More Injuries Occur Near Tourist Attractions and Subway Stops


Hypothesis

I hypothesize that there are more injuries in places where pedestrians congregate. 2 examples of these in New York City are around tourist attractions such as museums and subway stops. As a preliminary analysis I look at the density of traffic injuries in Manhattan, taken from the NYPD motor collisions dataset, at points with 3 or more injuries. On this overlay, the locations of subway stations, and popular tourist attractions using the Google Places API.



By plotting on the map it is difficult to tell whether exactly there is a higher density of injuries near tourist attractions or subway stops. To this question I calculated the distance from the location of an injury to either the closest subway stop, or the closest tourist attraction. To determine statistical signifcance I repeated the analysis with uniform random locations, and compared the two distributions.
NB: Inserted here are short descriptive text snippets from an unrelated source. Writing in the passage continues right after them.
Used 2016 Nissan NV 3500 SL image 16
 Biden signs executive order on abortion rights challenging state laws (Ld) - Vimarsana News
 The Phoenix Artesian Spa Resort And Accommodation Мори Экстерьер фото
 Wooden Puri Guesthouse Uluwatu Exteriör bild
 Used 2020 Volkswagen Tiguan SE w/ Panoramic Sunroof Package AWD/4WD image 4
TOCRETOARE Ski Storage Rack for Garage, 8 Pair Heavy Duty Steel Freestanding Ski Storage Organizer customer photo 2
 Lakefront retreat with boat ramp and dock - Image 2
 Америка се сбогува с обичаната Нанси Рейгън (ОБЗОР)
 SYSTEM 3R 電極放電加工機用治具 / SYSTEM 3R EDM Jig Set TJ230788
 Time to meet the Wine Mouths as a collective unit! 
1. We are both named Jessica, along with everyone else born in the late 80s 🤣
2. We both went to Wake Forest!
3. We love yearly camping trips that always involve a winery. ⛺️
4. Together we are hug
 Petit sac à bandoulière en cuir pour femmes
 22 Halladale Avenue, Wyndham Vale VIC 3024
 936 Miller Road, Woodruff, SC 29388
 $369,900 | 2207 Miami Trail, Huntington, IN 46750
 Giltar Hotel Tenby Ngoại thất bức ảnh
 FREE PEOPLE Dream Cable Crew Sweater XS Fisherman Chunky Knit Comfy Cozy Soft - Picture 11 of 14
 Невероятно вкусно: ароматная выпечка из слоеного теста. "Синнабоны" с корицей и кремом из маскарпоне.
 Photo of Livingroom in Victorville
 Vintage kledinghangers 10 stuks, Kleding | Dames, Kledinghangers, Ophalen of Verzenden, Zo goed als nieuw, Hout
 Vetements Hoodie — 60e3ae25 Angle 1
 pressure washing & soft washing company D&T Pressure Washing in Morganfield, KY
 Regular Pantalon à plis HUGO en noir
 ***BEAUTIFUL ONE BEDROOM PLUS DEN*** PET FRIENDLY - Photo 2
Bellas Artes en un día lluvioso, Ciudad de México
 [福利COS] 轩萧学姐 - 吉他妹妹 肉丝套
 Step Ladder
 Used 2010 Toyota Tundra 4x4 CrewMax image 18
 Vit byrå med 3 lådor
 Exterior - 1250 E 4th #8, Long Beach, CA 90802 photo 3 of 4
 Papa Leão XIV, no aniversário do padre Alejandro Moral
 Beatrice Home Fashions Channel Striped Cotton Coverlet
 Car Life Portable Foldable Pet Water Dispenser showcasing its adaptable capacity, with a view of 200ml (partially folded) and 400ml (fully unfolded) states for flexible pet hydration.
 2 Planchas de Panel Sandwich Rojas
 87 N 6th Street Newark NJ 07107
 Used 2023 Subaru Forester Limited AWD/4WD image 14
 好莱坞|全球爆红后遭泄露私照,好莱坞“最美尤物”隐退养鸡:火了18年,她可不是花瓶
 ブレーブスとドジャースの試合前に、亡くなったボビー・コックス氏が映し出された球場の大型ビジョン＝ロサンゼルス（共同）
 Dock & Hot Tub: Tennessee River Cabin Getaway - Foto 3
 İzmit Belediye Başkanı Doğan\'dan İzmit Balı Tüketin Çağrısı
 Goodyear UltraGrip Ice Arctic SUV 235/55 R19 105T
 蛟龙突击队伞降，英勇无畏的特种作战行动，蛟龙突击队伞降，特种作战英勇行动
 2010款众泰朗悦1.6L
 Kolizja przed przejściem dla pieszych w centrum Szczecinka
Random locations in Manhattan were determined by taking a random uniform distribution or latitude and longitude points in the general new york area (latitude: [40.695, 40.88], longitude: [-74.025, -73.9]), and determining whether they lie in Manhattan borough boundaries using a shapefile of New York City boundaries. If so the location was added to the distribution, and a uniform random distribution of longitude and latitude points was obtained that only lie in the Manhattan boundary.


Switch between the Places of interest in the app below to switch between distances to 'Subway' or 'Tourist attraction'.



There is a statistical signicance between the distributions so we can reject the null hypothesis that the distance to the closest tourist attraction or subway stop is independent.

Interestingly we see a small peak at large distances from subway stops or tourist attractions which occurs because of large areas such as Randalls island that are geographically isolated. Also, the mean distance to the closest subway stop is less than to the closest tourist attraction, which means subway stops are more evenly distributed than tourist attractions.


What's Next

Google places API, radar search outputs many search results (upto 200), but with little detail in each result. The nearby search function only out outs 20, but with more detail. To continue this project further I would obtain use the nearby function and attempt to classify the types of business in the area. For example, areas that have high concentrations of bars, such as the east Village, may harbor many pedestrian injuries on Friday and Saturday nights. Alternatively, areas with high concentration of banks, such as midtown Manhattan, may harbor many pedestrian injuries on weekdays, during the daytime. The type of business would act as a feature in my machine learning model.

Other areas in New York City that pedestrians may congregate are parks, and I anticipate that the boundaries of parks have more pedestrian injuries than average.

Overall, such features may increase the accuracy of my machine learning model, and suggest methods to achieve Vision Zero in New York City.